#### [WHAT YOU HAVE TO DO]
Your answer must be an exact copy of the lines from the one containing "ডলি সায়ন্তনী ।। Dolly Sayontoni" through the last line of the records below, with no pictures; please include nothing else.

-- GIVEN DATA follows --

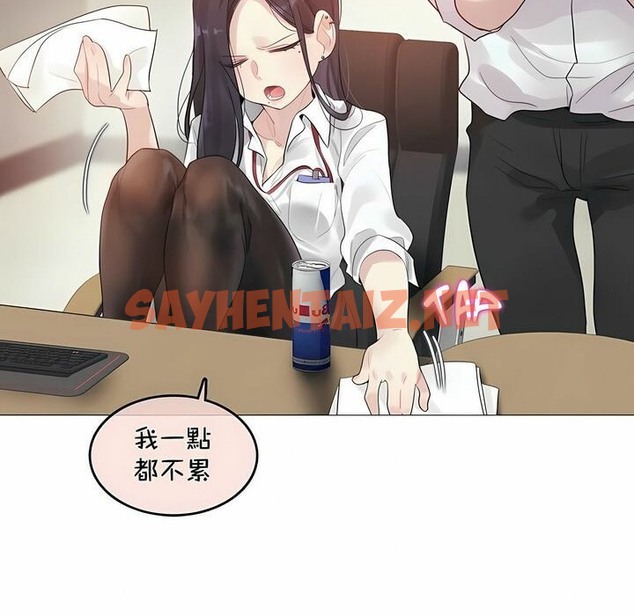 查看漫画一個變態的日常生活/A Pervert’s Daily Life / 闖進她的生活 - 第93話 - tymanga.com中的2327432图片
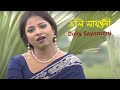 ডলি সায়ন্তনী ।। Dolly Sayontoni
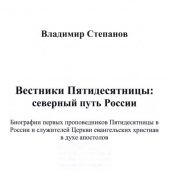 Вестники Пятидесятницы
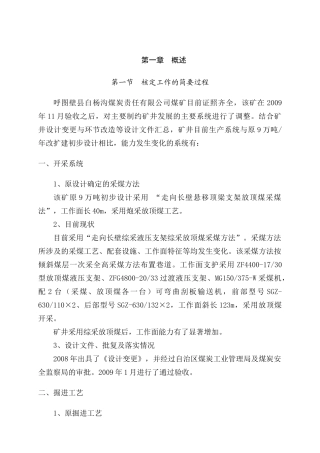 煤矿生产能力核定培训资料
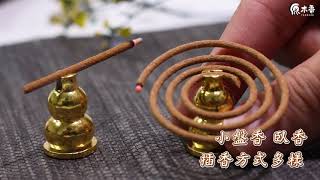 【原木香】鍍金葫蘆香插夾 攜帶超級方便 臥香、小盤香均適用(兩用款)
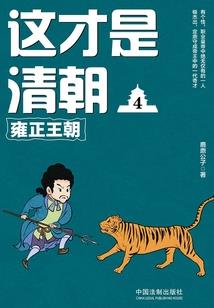 天气热不掉称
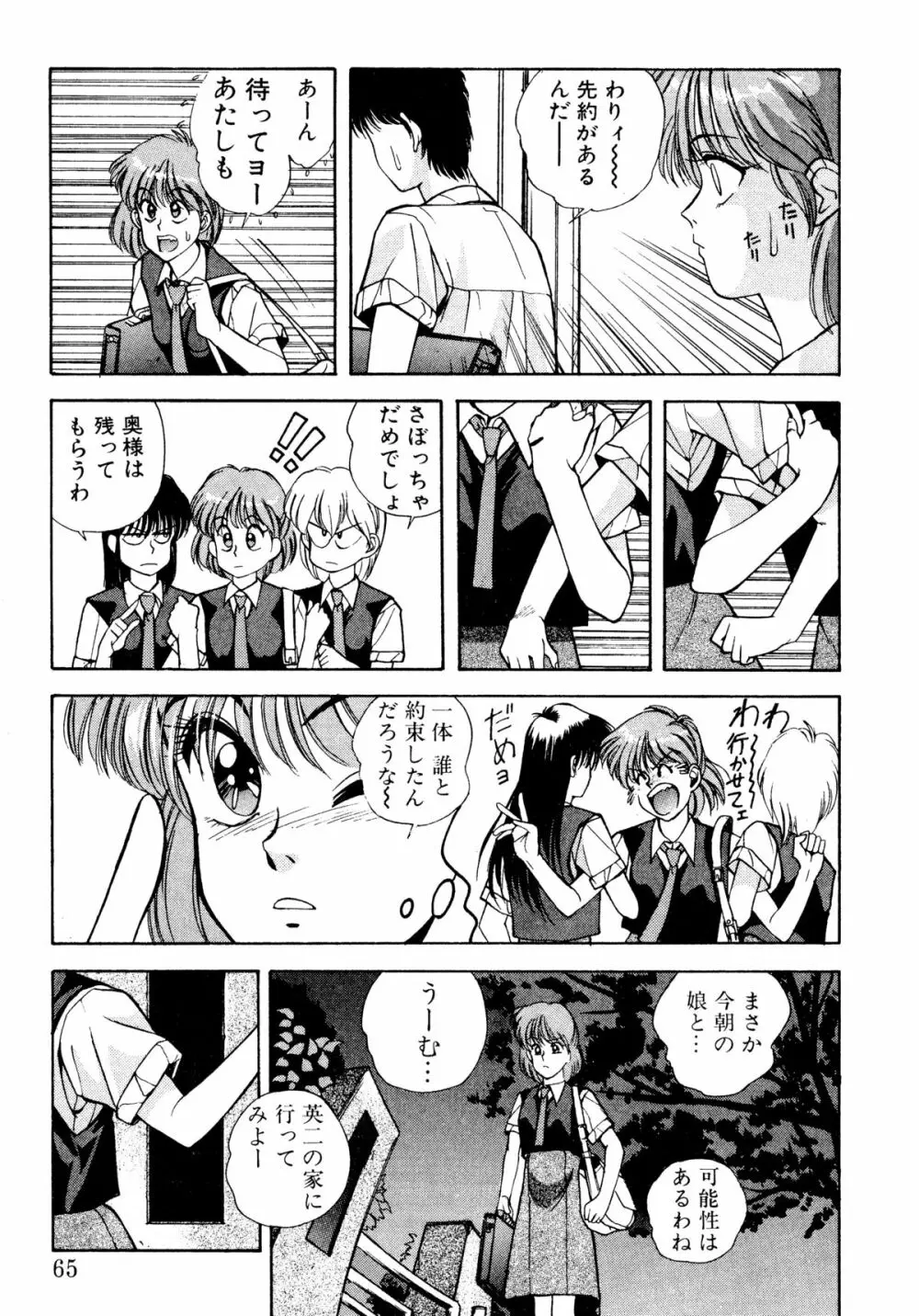 トマト倶楽部 2 Page.62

-- GIVEN DATA concluded --

#### [TASK RESPONSE]
 ডলি সায়ন্তনী ।। Dolly Sayontoni
 Вестники Пятидесятницы
 煤矿生产能力核定培训资料
 【原木香】鍍金葫蘆香插夾 攜帶超級方便 臥香、小盤香均適用(兩用款)
 天气热不掉称
 トマト倶楽部 2 Page.62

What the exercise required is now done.